[libvirt] RFC: CPU counting in qemu driver

Mon Nov 22 13:52:41 UTC 2010

On Thu, Nov 18, 2010 at 06:51:20PM +0100, Jiri Denemark wrote:
> Hi all,
> 
> libvirt's qemu driver doesn't follow the semantics of CPU-related counters in
> nodeinfo structure, which is
> 
>     nodes   : the number of NUMA cell, 1 for uniform mem access
>     sockets : number of CPU socket per node
>     cores   : number of core per socket
>     threads : number of threads per core
> 
> Qemu driver ignores the "per node" part of sockets semantics, and only gives
> total number of sockets found on the host. That actually makes more sense but
> we have to fix it since it doesn't follow the documented semantics of public
> API. That is, we would do something like the following at the end of
> linuxNodeInfoCPUPopulate():
> 
>     nodeinfo->sockets /= nodeinfo->nodes;
> 
> The problem is that NUMA topology is independent on CPU topology and there are
> systems for which nodeinfo->sockets % nodeinfo->nodes != 0. An example being
> the following NUMA topology of a system with 4 CPU sockets:
> 
>     node0  CPUs: 0-5
>            total memory: 8252920
>     node1  CPUs: 6-11
>            total memory: 16547840
>     node2  CPUs: 12-17
>            total memory: 8273920
>     node3  CPUs: 18-23
>            total memory: 16547840
>     node4  CPUs: 24-29
>            total memory: 8273920
>     node5  CPUs: 30-35
>            total memory: 16547840
>     node6  CPUs: 36-41
>            total memory: 8273920
>     node7  CPUs: 42-47
>            total memory: 16547840
> 
> which shows that the cores are actually mapped via the AMD intra-socket
> interconnects. Note that this funky topology was verified to be correct so
> it's not just a kernel bug which would result in wrong topology being
> reported.

So you are saying that 1 physical CPU socket, can be associated with
2 NUMA nodes at the same time ?  If you have only 4 sockets here, then
there are 12 cores per socket, and 6 cores in each socket in a NUMA
node ?

Can you provide the full 'numactl --hardware' output.

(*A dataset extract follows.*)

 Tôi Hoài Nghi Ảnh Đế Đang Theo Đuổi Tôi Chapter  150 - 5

I guess we're
facing a 2-level NUMA hierarchy, where the first level is done inside
the socket, and the second level is between sockets.

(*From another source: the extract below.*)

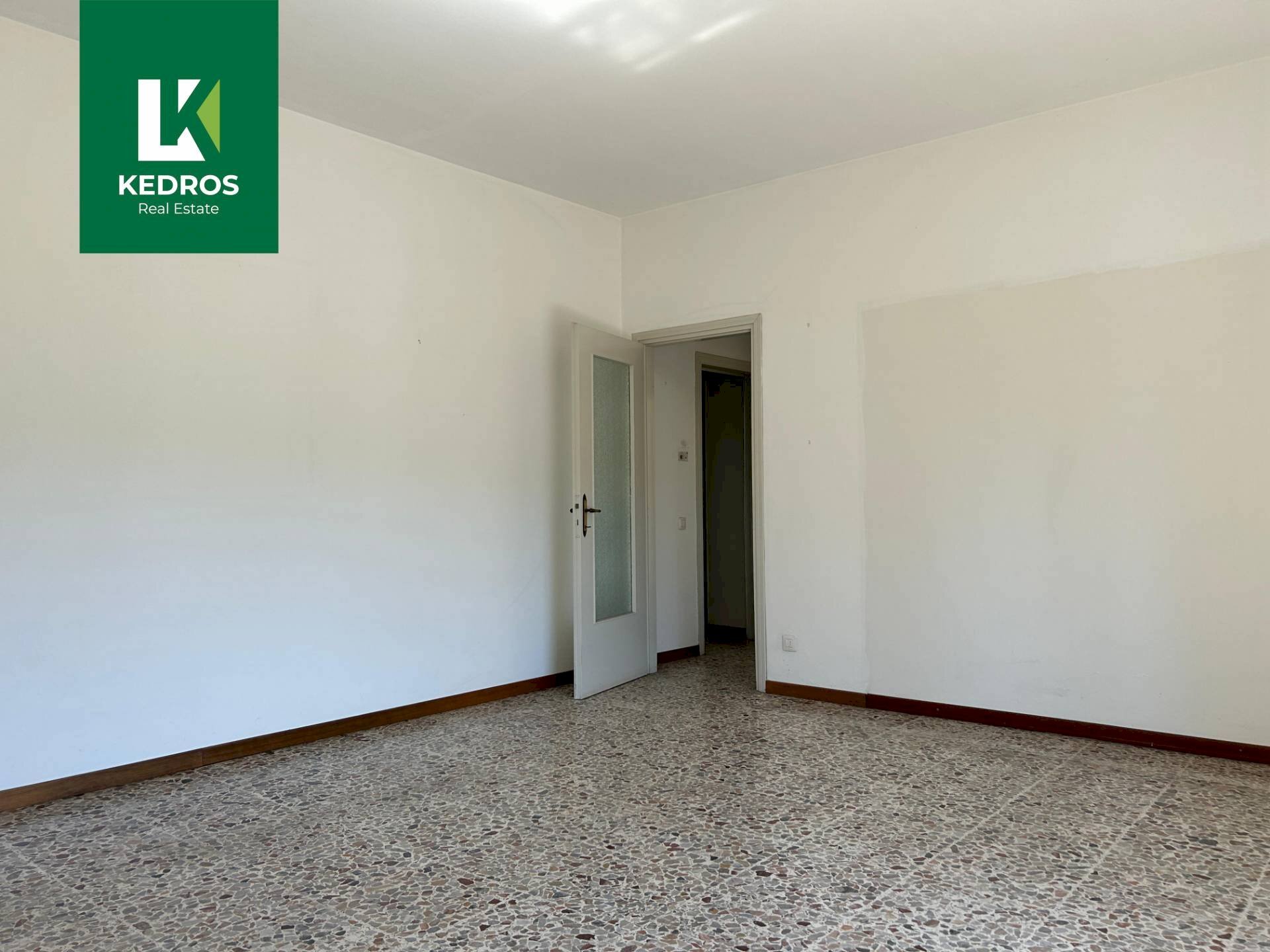 Foto 3 - Appartamento Via Provinciale Rasa
51, Varese - foto 3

What does Xen / 'xm info' report on such a host ?

> So the suggested calculation wouldn't work on such systems and we cannot
> really follow the API semantics since it doesn't work in this case.
> 
> My suggestion is to use the following code in linuxNodeInfoCPUPopulate():
> 
>     if (nodeinfo->sockets % nodeinfo->nodes == 0)
>         nodeinfo->sockets /= nodeinfo->nodes;
>     else
>         nodeinfo->nodes = 1;
> 
> That is we would lie about number of NUMA nodes on funky systems. If
> nodeinfo->nodes is greater than 1, then applications can rely on it being
> correct. If it's 1, applications that care about NUMA topology should consult
> /capabilities/host/topology/cells of capabilities XML to check the number of
> NUMA nodes in a reliable way, which I guess such applications would do anyway
> 
> However, if you have a better idea of fixing the issue while staying more
> compatible with current semantics, don't hesitate to share it.

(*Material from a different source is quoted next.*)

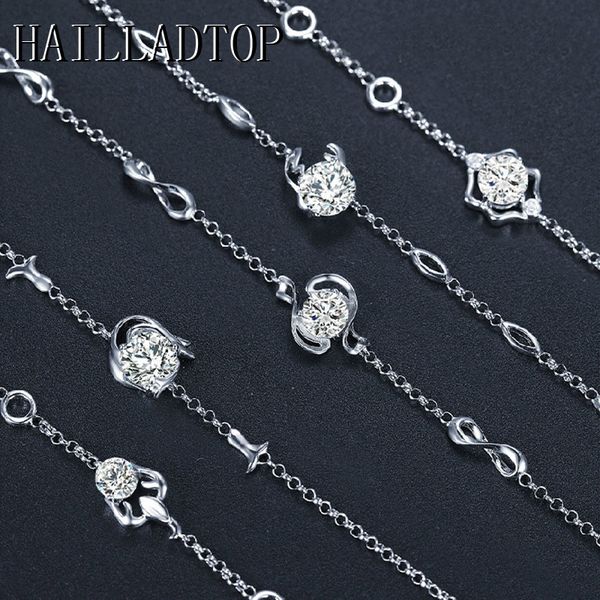 12 constellations celestial zodiac bracelet trendy silver plated zodiac sign bracelets constellation astrology bracelet 12 stars, Black
12 constellations celestial zodiac bracelet trendy silver plated zodiac sign bracelets constellation astrology bracelet 12 stars, Black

In your example it sounds like we could alternatively lie about the number
of cores per socket. eg, instead of reporting 0.5 sockets per node with 12 cores,
report 1 socket per node each with 6 cores. Thus each of the reported sockets
would once again only be associated with 1 NUMA node at a time.

> Note, that we have VIR_NODEINFO_MAXCPUS macro in libvirt.h which computes
> maximum number of CPUs as (nodes * sockets * cores * threads) and we need to
> keep this working.

Daniel